You ever just wake up in the morning and think, OUCH! Damn! What the hell happened and why does the top of my shoulder feel so bruised? Those my friends are the markings of a good holiday party. That's right. CW NOW had their holiday party over the weekend and it was open bar. Hello, that is the only language I speak when I am out and about. So...everyone was there, every producer, assistant, exec, PA, everyone. And I was partaking in my slight share of the freeflowing of drinks. I kept it light and ladylike with what I call 'bellinis' (hold pinky up when saying this to get the full effect), champagne topped with a splash of cranberry, because honestly, who knows what label of bubbly they're packing back there. For all I know, the champagne could have the soul of Nick Nolte in his DUI picture, but with a splash of juice, it sings like Whitney Houston before Bobby Brown.
Did I ever tell you about the time I woke up with the WORST headache in San Francisco? I was visiting some old friends after I had moved down and was staying at a hotel at the Wharf. Well I wake up to this banging headache, thinking, wow, did I really drink that much? I thought my lush days were done and done. Then after begging the bellman to bring me up some aspirin, and as my bitch of a friend, also hung over, just moaned and made me fetch the pills from the door, I finally jumped in the shower and decided to wash my hair. Yes, the memory is that vivid. Anyhoo, as I am washing, I touch the back of my head as I am scrubbing, and I let out the most volatile scream since Janet Lee in Psycho. I swear I heard wolves holler back at a girl. Now how the hell did the back of my skull be pounced on so bad? I don't remember getting punched.

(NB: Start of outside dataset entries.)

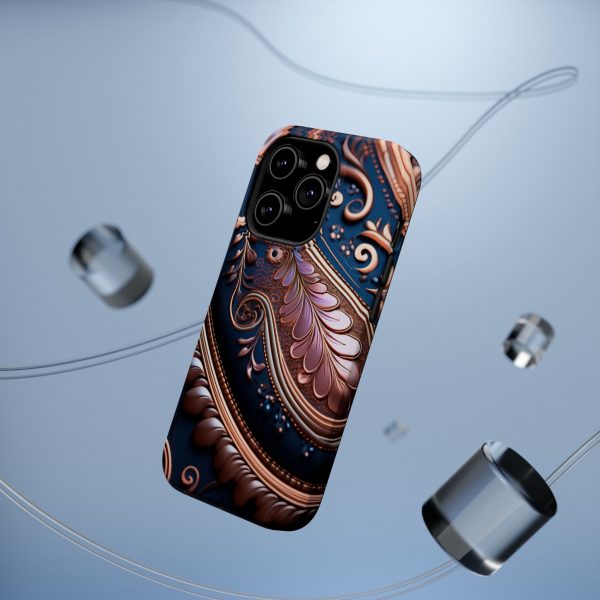 Blue Gold Paisley BRG7- Custom Magnetic Tough Case for iPhone - Dual Layer Protection with MagSafe® Compatibility - Matte or Glossy Finish - Image 15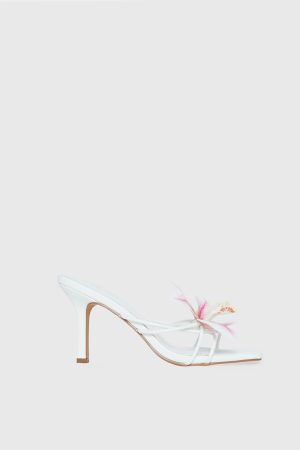 Exotic Etty Floral Detail Heels White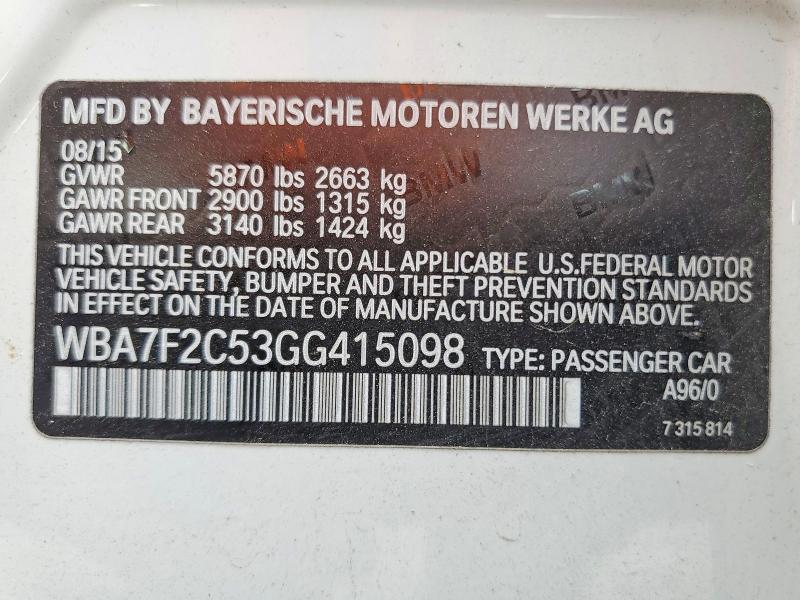 61810616 :رقم المزاد ، WBA7F2C53GG415098 vin ، 2016 Bmw 750 مزاد بيع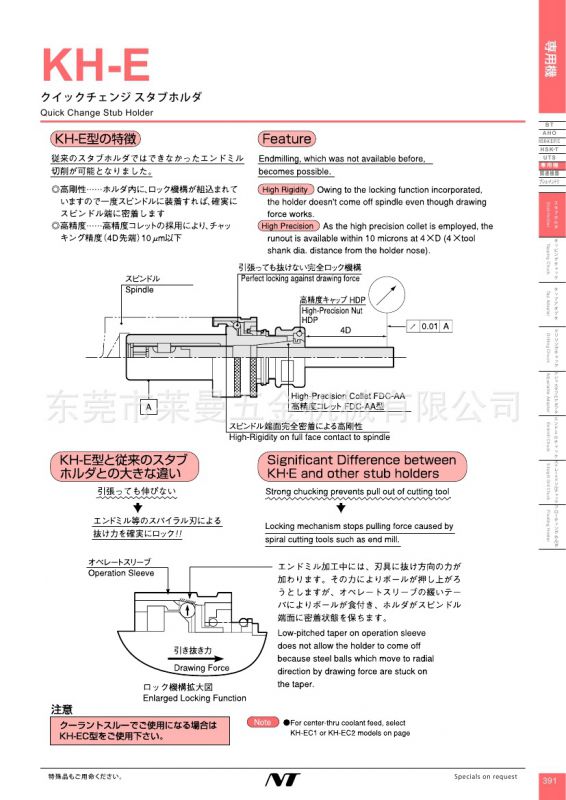 原装进口nt夹头高刚性短刀柄kh E系列kh 12e 价格 厂家 中国供应商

As I explained to my friend sleeping in the bed next to me about my weird head thing, he said, you don't remember? You got into a fight with a door. And then it all came rushing back. That damn door knob was giving me the evil eye and I needed to show it a lesson. After a small tangle with the wine cube at my friend's place, I decided the door needed to be taken down a notch, and boom! Door knob, meet my head, head meet the door knob.
Oh back to my holiday party story, so much debauchery to speak of but I am late for work. So I have to run. I am working the premiere of Charlie Wilson's War, a funny political story about one man who didn't seem so good at his job, doing great things in his position. and it wasn;t in the lateral position either! Although he was known for that. Did that joke make it anywhere? anyone, anyone, bueller?